At the same time, I kept things fresh by extending my range to the other Adobe Experience Cloud Products, namely Target and Audience Manager. That lead to me being part of our Digital Conversion Taskforce and a company-wide initiative establishing omnichannel re-marketing. Outside of my day job, I started building things with the Elastic stack (Elastic Search, Kibana, Logstash), Grafana and the Hadoop ecosystem, including NiFi, for use cases like real time dashboarding, forecasting, and anomaly detection. I used that to build some nice real time dashboards for Adobe Analytics data, forecast our sales and traffic data with Python, and other fun stuff. At some point, we included IT monitoring data, collected by Dynatrace, to give a 360° view on our technical and UX performance. Besides the Dashboards running on some large-screen TVs, we used LaMetric Displays to give an easy access to our realtime data. It was a wild time and some of the best fun I’ve ever had.
All that work brought some attention to our department. With the next corporate reorg, our team grew three times (!) in size, allowing me to refine my role to the Digital Analytics Architect, emphasizing the ground I conquered so far and focusing on the inter-workings between our systems. While I included more and more Big Data systems in my toolbox, I also worked on the knowledge and skill set behind them. This lead to me being certified as a “Data Scientist advanced level specialized in Machine Learning” by the Fraunhofer Big Data Alliance.

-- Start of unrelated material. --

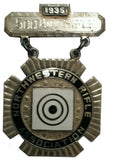 Vintage N.R.A. Northwestern 600 Any Rifle Match 1935 Silver Medal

Moving on to the media industry
I decided to leave the awesome team at Unitymedia shortly before the acquisition through Vodafone came into effect. While I loved the telco industry and its technological challenges there was another exciting challenge on the horizon at RTL Disney. With this company being a leading TV broadcaster moving more and more into digital, there were some exciting user journeys to analyze and optimize.
Life at RTL Disney was very fast paced and existing. With a relatively small company size there was a lot of products and experiences to manage and develop. In terms of Analytics, I was able to prevent a previously agreed on migration from Adobe Analytics to Google Analytics last second. Based on this highly visible decision, I was able to develop a company-first data strategy around the Adobe stack and some open source tools.
As part of that strategy I was also allowed to recruit a team of analysts to support me in my strategy. Growing to a team of four people we were able to bring new tools into the company, most notably Microsofts Power BI for company-wide reporting and analysis up to C-level management. With a new and awesome head of product, we then brought Adobe Target for recommendations and optimization into the company.
For internal systems, we needed to move a lot of data from sources like Adobe Analytics, some older Google Analytics instances, or digital marketing systems into our newly built internal data warehouse. We used a fun mix of Apache NiFi, Elasticsearch, and Microsofts Power BI to bring clarity to the company’s performance. On top of that, we even became the first European customer of Adobe’s Customer Journey Analytics to shed light on cross-device journeys.
Understanding the logistics of the logistics industry
After a short while in the exciting media industry, it was finally time for me to move on. Following my philosophy of interest for complex business challenges, I joined the Digital Analytics team of DHL. The change from a small, agile company to a global corporate was fun and exciting. In my role, I became the practice lead for Analytics and Tag Management and now design how analytics should be thought of and done across DHL.